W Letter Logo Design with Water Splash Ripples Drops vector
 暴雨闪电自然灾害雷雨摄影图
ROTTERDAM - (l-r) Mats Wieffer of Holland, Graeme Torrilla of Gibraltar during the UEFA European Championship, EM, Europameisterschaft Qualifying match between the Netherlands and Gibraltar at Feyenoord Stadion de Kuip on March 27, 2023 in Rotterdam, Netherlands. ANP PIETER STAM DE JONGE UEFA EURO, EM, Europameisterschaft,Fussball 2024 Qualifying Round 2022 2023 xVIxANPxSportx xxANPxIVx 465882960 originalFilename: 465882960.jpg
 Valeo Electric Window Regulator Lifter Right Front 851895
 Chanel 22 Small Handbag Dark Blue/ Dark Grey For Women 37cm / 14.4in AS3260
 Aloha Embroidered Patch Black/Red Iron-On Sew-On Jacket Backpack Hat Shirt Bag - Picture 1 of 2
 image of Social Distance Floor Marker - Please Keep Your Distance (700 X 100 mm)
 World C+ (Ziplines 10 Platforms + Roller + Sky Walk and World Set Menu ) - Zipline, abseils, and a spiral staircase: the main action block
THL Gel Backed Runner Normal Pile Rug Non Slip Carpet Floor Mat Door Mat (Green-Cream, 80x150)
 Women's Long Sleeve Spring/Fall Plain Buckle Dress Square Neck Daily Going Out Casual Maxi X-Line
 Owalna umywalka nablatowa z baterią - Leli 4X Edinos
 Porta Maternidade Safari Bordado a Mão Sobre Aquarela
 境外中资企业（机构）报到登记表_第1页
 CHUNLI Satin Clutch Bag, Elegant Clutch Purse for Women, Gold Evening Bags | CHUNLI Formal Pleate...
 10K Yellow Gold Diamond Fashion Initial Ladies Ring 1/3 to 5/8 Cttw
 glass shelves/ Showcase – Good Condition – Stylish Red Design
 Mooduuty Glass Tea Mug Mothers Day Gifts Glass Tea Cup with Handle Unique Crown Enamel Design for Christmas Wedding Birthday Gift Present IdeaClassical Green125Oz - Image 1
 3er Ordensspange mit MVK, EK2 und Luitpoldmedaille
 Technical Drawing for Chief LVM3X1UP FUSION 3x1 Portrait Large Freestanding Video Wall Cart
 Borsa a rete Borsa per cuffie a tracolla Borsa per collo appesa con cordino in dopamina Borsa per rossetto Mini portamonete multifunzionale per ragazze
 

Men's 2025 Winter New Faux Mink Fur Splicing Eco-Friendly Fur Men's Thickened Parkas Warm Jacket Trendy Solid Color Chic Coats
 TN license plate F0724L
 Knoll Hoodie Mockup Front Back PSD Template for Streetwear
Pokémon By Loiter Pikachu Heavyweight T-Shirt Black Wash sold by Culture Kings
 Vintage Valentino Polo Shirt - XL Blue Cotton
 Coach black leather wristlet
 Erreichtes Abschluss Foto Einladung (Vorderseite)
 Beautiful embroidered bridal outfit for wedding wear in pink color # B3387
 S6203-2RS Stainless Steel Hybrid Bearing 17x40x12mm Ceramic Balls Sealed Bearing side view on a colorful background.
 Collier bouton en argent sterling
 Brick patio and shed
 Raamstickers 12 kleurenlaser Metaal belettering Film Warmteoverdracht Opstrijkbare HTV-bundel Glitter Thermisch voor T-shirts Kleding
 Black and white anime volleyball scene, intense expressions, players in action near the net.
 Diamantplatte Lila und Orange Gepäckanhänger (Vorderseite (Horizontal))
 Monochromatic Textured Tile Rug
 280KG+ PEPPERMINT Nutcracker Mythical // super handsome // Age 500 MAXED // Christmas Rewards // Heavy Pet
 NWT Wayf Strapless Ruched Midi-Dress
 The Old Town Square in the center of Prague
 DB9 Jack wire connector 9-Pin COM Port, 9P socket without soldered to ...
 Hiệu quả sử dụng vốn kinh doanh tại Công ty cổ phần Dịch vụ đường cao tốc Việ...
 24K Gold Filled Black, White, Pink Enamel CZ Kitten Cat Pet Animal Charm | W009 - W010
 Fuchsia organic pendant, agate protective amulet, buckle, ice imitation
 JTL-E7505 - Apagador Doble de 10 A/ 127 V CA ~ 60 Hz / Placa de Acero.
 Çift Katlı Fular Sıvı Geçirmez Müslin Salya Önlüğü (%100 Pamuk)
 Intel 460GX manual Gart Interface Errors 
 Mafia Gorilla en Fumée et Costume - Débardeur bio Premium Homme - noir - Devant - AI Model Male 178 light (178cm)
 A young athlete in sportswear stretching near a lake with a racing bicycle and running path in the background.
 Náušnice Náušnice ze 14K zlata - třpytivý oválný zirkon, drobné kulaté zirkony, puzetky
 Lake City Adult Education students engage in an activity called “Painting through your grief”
· · · ·
Task details |
Starting with the line that contains "Coach black leather wristlet", output every line through the end of the listing above, unchanged.

Task answer |
 Coach black leather wristlet
 Erreichtes Abschluss Foto Einladung (Vorderseite)
 Beautiful embroidered bridal outfit for wedding wear in pink color # B3387
 S6203-2RS Stainless Steel Hybrid Bearing 17x40x12mm Ceramic Balls Sealed Bearing side view on a colorful background.
 Collier bouton en argent sterling
 Brick patio and shed
 Raamstickers 12 kleurenlaser Metaal belettering Film Warmteoverdracht Opstrijkbare HTV-bundel Glitter Thermisch voor T-shirts Kleding
 Black and white anime volleyball scene, intense expressions, players in action near the net.
 Diamantplatte Lila und Orange Gepäckanhänger (Vorderseite (Horizontal))
 Monochromatic Textured Tile Rug
 280KG+ PEPPERMINT Nutcracker Mythical // super handsome // Age 500 MAXED // Christmas Rewards // Heavy Pet
 NWT Wayf Strapless Ruched Midi-Dress
 The Old Town Square in the center of Prague
 DB9 Jack wire connector 9-Pin COM Port, 9P socket without soldered to ...
 Hiệu quả sử dụng vốn kinh doanh tại Công ty cổ phần Dịch vụ đường cao tốc Việ...
 24K Gold Filled Black, White, Pink Enamel CZ Kitten Cat Pet Animal Charm | W009 - W010
 Fuchsia organic pendant, agate protective amulet, buckle, ice imitation
 JTL-E7505 - Apagador Doble de 10 A/ 127 V CA ~ 60 Hz / Placa de Acero.
 Çift Katlı Fular Sıvı Geçirmez Müslin Salya Önlüğü (%100 Pamuk)
 Intel 460GX manual Gart Interface Errors 
 Mafia Gorilla en Fumée et Costume - Débardeur bio Premium Homme - noir - Devant - AI Model Male 178 light (178cm)
 A young athlete in sportswear stretching near a lake with a racing bicycle and running path in the background.
 Náušnice Náušnice ze 14K zlata - třpytivý oválný zirkon, drobné kulaté zirkony, puzetky
 Lake City Adult Education students engage in an activity called “Painting through your grief”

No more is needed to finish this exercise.